Nearly all doctors will experience a lawsuit at some point in their career, and teasing out the ones with merit can be difficult. Some lawyers seem to encourage any patient who becomes disabled to sue, hoping they get lucky with an empathetic jury. Even a life-saving amputation by a good doctor can prove difficult to defend for hospitals. Juries sometimes will hold a subpar hospital against the individual doctor, even if this is unjust in the particular doctor’s case. Hospital lawyers therefore tend to settle before entering a courtroom stacked against them. Given the risk of a large potential payout, hospitals also calculate that it’s cheaper for them to settle these types of cases out of court.
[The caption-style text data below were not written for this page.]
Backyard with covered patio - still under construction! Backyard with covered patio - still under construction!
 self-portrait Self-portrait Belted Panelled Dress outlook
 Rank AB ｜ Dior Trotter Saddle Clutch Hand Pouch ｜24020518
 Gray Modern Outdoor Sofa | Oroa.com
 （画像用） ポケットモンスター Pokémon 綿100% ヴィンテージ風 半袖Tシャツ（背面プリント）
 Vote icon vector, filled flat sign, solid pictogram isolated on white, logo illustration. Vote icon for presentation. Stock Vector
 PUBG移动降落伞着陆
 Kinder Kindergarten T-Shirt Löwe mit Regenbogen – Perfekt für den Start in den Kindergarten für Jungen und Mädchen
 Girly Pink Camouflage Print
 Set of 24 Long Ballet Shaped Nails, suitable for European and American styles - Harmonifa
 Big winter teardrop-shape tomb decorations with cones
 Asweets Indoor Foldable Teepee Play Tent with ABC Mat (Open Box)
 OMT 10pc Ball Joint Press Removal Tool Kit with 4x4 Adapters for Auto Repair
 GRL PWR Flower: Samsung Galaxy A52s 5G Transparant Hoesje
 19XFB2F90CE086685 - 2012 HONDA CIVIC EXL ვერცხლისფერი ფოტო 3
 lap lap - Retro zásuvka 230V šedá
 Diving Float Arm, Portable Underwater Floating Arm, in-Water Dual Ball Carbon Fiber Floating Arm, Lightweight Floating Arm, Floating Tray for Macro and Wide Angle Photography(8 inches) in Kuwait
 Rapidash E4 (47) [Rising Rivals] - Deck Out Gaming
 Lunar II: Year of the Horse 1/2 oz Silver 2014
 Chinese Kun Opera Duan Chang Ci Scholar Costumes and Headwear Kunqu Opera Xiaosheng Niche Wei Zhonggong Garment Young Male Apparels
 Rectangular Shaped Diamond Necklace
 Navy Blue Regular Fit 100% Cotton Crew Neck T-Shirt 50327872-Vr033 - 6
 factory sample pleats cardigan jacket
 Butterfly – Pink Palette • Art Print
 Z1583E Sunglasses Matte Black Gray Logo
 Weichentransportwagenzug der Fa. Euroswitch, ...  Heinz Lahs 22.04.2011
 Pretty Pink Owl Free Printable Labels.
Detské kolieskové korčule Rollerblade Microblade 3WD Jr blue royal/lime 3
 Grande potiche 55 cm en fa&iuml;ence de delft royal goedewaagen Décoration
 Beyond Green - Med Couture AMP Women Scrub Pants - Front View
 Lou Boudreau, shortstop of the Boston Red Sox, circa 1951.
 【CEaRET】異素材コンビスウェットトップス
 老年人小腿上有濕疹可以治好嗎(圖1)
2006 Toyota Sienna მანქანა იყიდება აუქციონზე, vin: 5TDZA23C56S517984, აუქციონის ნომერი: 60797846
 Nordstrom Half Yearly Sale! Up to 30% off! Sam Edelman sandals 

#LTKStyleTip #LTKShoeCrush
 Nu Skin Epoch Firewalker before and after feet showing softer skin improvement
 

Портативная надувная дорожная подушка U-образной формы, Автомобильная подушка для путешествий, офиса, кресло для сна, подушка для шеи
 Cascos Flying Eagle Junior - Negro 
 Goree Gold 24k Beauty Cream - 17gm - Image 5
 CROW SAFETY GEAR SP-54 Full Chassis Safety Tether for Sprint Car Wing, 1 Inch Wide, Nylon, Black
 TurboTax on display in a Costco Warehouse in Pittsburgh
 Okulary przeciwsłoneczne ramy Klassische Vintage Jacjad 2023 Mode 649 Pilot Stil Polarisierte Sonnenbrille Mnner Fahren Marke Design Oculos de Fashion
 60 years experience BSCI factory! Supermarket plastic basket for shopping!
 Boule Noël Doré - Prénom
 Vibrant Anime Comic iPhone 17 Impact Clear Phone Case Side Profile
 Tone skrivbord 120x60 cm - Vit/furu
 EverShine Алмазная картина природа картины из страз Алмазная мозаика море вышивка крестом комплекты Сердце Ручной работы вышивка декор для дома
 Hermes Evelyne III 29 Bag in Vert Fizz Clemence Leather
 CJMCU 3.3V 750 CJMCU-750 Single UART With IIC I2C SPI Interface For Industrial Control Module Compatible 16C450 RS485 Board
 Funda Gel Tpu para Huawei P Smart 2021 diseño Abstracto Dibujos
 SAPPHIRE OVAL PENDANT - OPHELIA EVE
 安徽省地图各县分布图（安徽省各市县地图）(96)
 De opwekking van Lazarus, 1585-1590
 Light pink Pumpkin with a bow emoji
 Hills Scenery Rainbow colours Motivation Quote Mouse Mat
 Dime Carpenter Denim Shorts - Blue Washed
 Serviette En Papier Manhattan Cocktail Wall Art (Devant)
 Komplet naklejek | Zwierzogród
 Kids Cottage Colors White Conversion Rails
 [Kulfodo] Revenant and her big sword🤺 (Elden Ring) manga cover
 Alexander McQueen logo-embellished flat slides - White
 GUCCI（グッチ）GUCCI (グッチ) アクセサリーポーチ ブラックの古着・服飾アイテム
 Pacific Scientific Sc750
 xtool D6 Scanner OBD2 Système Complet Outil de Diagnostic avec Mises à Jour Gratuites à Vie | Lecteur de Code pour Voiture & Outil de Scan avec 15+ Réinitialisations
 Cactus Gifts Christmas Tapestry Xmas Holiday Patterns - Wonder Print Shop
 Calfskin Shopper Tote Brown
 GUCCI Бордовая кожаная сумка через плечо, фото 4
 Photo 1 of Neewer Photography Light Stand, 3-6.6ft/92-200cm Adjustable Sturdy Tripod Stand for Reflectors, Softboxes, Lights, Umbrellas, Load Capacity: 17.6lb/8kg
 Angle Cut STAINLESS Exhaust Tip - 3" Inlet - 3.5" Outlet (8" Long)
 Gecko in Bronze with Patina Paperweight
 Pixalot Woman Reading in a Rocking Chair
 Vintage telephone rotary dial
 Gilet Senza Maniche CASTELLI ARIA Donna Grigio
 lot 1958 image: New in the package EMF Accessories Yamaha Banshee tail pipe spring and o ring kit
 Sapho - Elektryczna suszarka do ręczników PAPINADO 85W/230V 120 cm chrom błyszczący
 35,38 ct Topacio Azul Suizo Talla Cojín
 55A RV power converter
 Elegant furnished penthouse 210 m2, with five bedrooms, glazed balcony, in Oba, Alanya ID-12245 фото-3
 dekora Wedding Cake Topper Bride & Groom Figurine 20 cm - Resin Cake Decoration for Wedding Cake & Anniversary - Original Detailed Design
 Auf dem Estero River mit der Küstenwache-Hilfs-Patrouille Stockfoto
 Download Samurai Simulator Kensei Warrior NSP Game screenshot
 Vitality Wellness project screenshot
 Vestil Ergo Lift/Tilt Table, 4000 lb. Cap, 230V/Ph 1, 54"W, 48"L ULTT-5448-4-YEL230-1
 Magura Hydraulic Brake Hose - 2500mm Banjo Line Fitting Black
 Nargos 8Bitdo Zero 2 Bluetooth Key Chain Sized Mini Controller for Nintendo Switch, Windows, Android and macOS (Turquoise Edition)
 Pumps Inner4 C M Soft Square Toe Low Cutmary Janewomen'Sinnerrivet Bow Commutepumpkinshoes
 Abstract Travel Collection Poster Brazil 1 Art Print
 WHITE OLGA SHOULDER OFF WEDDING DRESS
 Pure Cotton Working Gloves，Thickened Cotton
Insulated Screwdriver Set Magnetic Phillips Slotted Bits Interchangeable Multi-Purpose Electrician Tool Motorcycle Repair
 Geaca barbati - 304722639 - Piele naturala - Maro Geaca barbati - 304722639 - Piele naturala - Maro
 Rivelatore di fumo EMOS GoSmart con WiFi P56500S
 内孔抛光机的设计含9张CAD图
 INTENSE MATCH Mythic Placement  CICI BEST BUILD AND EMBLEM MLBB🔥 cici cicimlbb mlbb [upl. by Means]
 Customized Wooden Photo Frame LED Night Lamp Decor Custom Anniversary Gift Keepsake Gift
In fact, hospital lawyers go to court on average only once for every ten to twenty lawsuits brought, opting to settle the rest….

I routinely witness young medical students interested in fields such as brain cancer doing amazing research in residency. These talents have very promising careers in brain cancer, but as they proceed through their training, they see the high-dollar rewards for sidetracking their cancer research to become back surgeons. Dr. Michael Lim, a neurosurgeon at Hopkins, told me that for a complex brain-cancer surgery taking twelve hours, Medicare pays him about $5,000. But a short two-hour back operation pays a lot more. That’s a powerful incentive. Stacking two or three back operations in a day instead of performing a long, delicate brain-cancer surgery would allow him to earn between $15,000 and $20,000 in a day. It’s no surprise that each year, an increasing number of neurosurgery graduates are going into back surgery exclusively….

I ask my orthopedic-surgeon friends and colleagues every time I run into them if it’s true that there’s too much back surgery going on. They insist it is true, and it’s driven by money. When I ask colleagues in my own field, oncology, about the markup of chemo drugs and the lack of transparency to patients, they agree it is prevalent, profitable, and wrong. When I ask cardiologists about too many stents and devices being put in people, many, though not all, will agree that some cardiologists are doing too many procedures. My hunch about those who don’t is that they’re being discreet out of reluctance to go against their own.

Usually, whenever I ask doctors to comment about these matters, I am mightily impressed by how outraged they are, angry that such things should go on in their field—a field they are proud of, and want to be proud of rather than ashamed of. Doctors overall do care about patients’ well-being and are well aware of the perverse incentives that drive good doctors to do questionable things. But is it only orthopedics, cancer, and cardiology that overtreat? As an exercise, I began to ask specialists the question, “What is the most overutilized thing in your field?” Pediatricians said, “Antibiotics.” Radiologists said, “CAT scans.” Obstetricians said, “C-sections.”